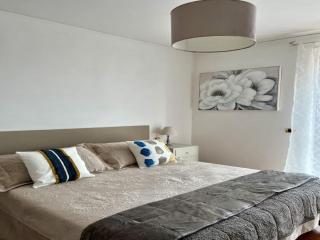 Elegant villa with hot tub, views - 2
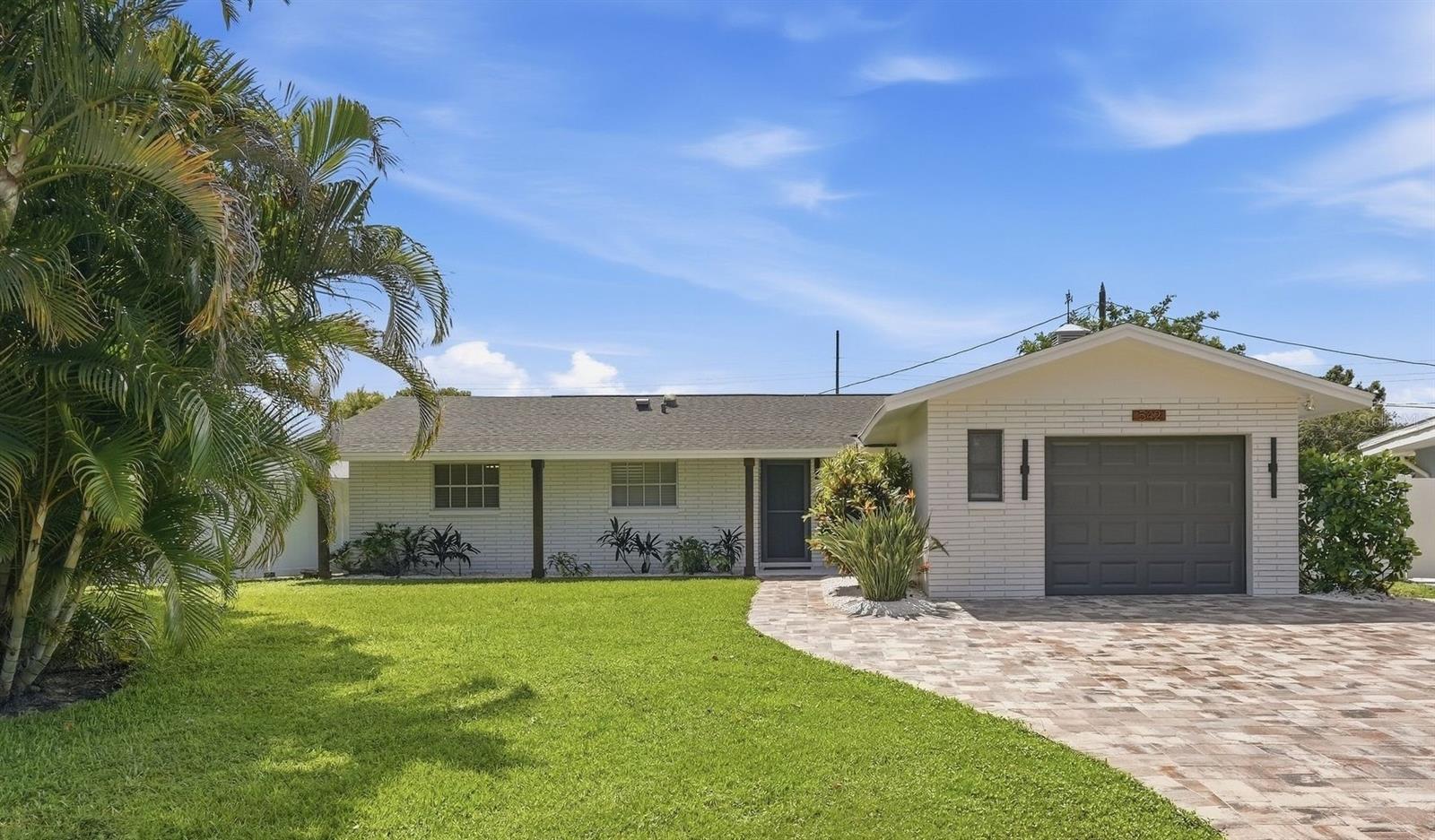 Photo of 542 59TH WAY ST PETERSBURG FL 33707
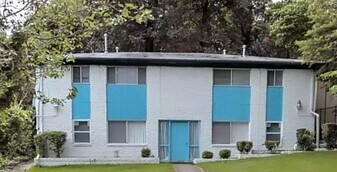 2673 Elsinore in East Point, GA - Building Photo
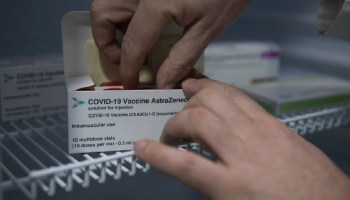 OMS pide seguir usando vacuna de AstraZeneca mientras se investigan posibles reacciones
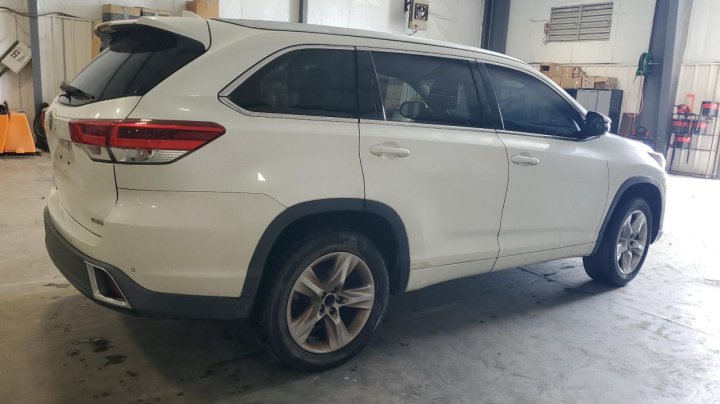 Toyota Highlander LIMITED 2017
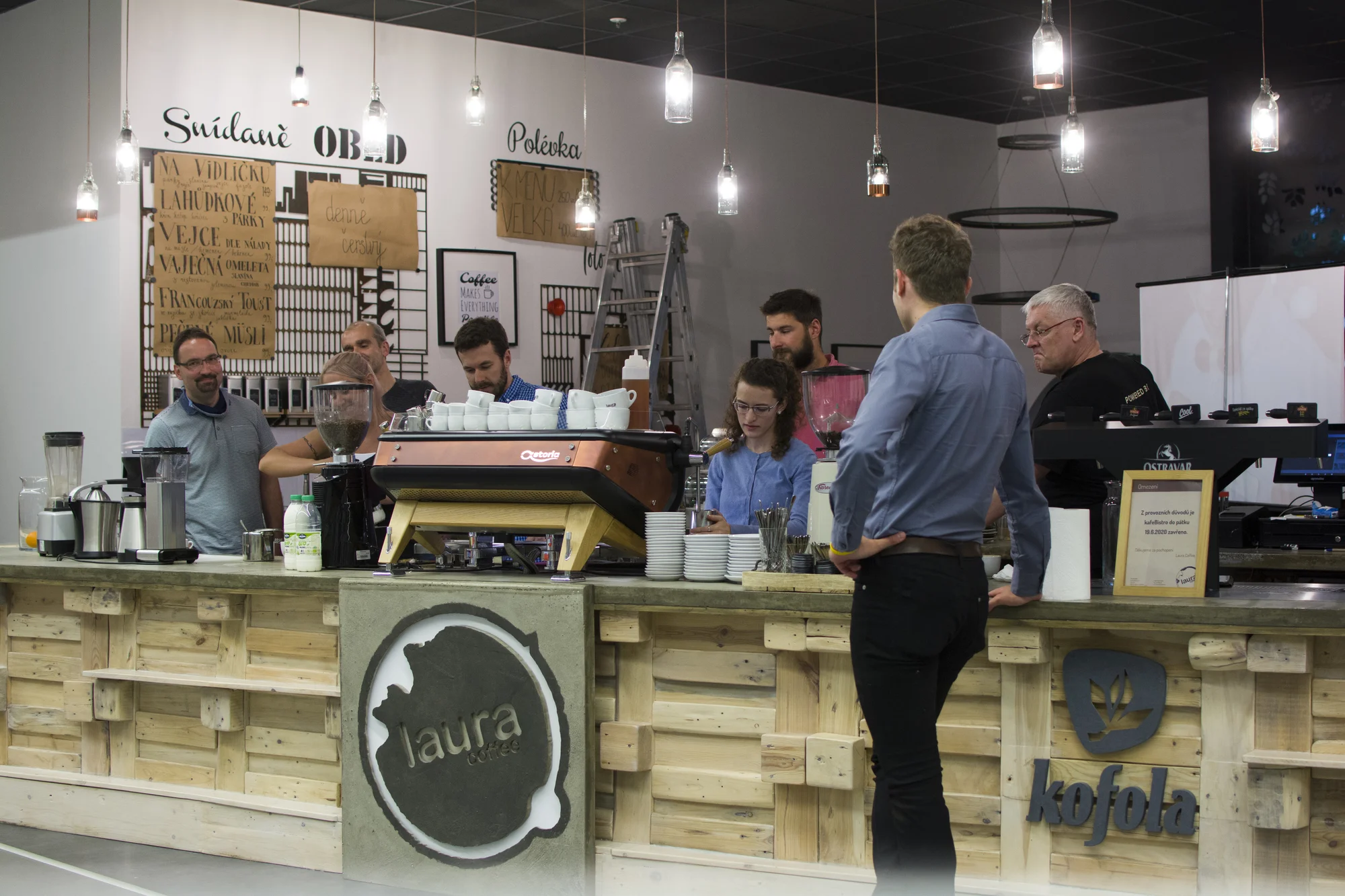 Kurz přípravy kávy: dokonalé espresso a cappuccino, 250 g zrnkové kávy na doma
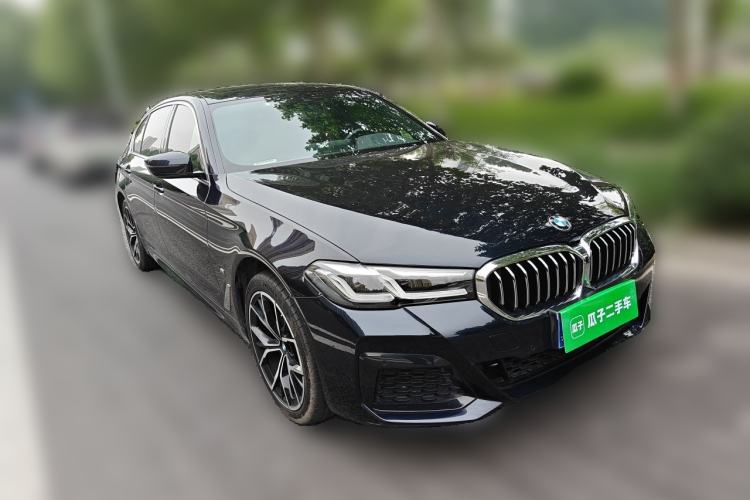 Used BMW 5 Series 2022 Restyled 525Li M Sport Package Front Right 45 Deg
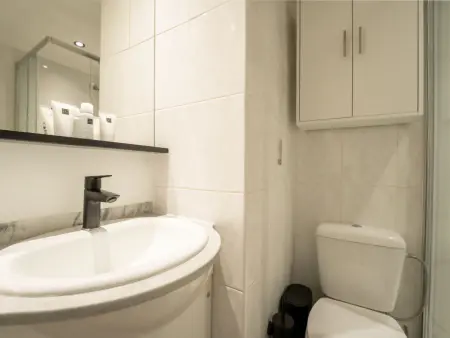 White Mountains Retreats : studio vue ville à Blankenberge : photo 19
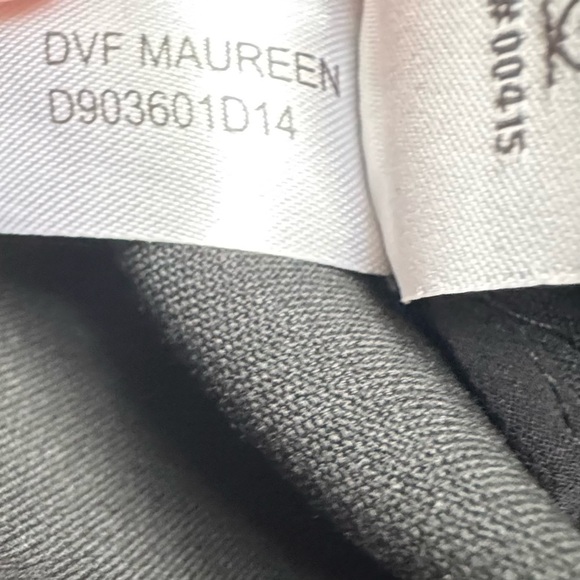 Diane Von Furstenberg Maureen Dress‎ LBD Laser Cut
Flounce Dress Size 2 - Picture 14 of 14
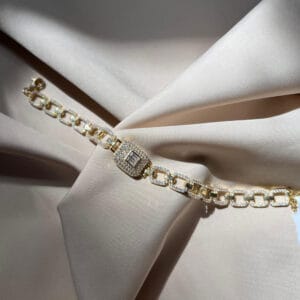 Kare Taşlı Bileklik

......

> **DIRECTIONS FOR THIS TASK**: Output the line that contains "Kurz přípravy kávy: dokonalé" and every line after it to the end of the records, word for word, leaving out the pictures.

> **ANSWER SPACE**:
 Kurz přípravy kávy: dokonalé espresso a cappuccino, 250 g zrnkové kávy na doma
 Used BMW 5 Series 2022 Restyled 525Li M Sport Package Front Right 45 Deg
 White Mountains Retreats : studio vue ville à Blankenberge : photo 19
 Diane Von Furstenberg Maureen Dress‎ LBD Laser Cut
Flounce Dress Size 2 - Picture 14 of 14
 Kare Taşlı Bileklik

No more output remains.